ASSIGNED TASK> What's needed is an exact copy of all the data below, without pictures.

DATA>
--- START ---

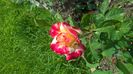 WP_20160703_11_34_00_Pro
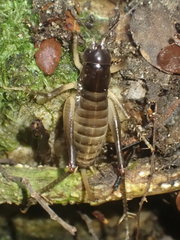 Hemiandrus fiordensis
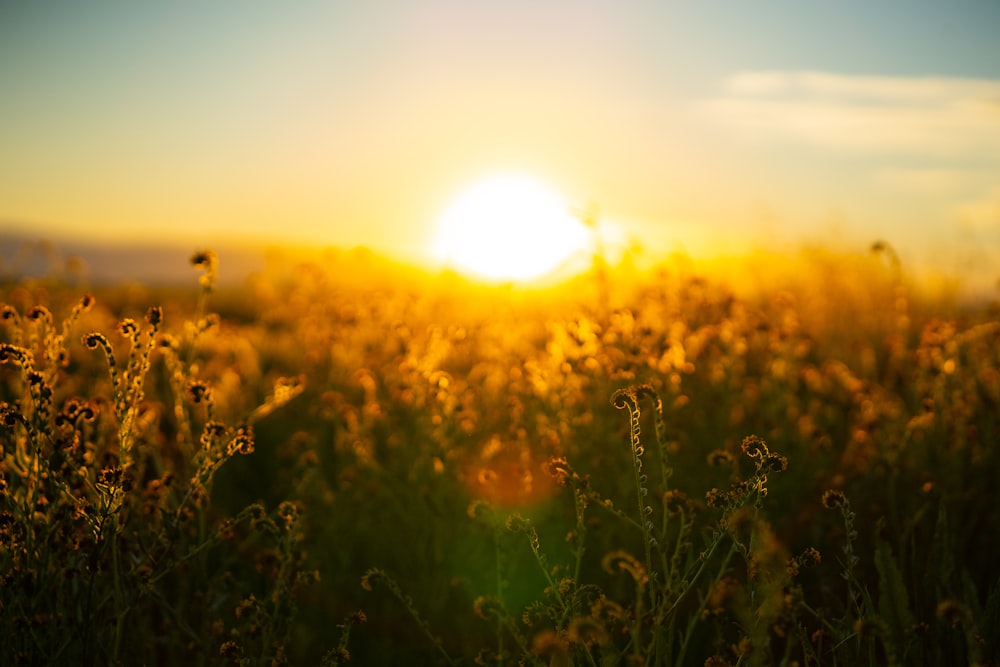 green grass field during sunset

--- END ---

EXERCISE ANSWER>
 WP_20160703_11_34_00_Pro
 Hemiandrus fiordensis
 green grass field during sunset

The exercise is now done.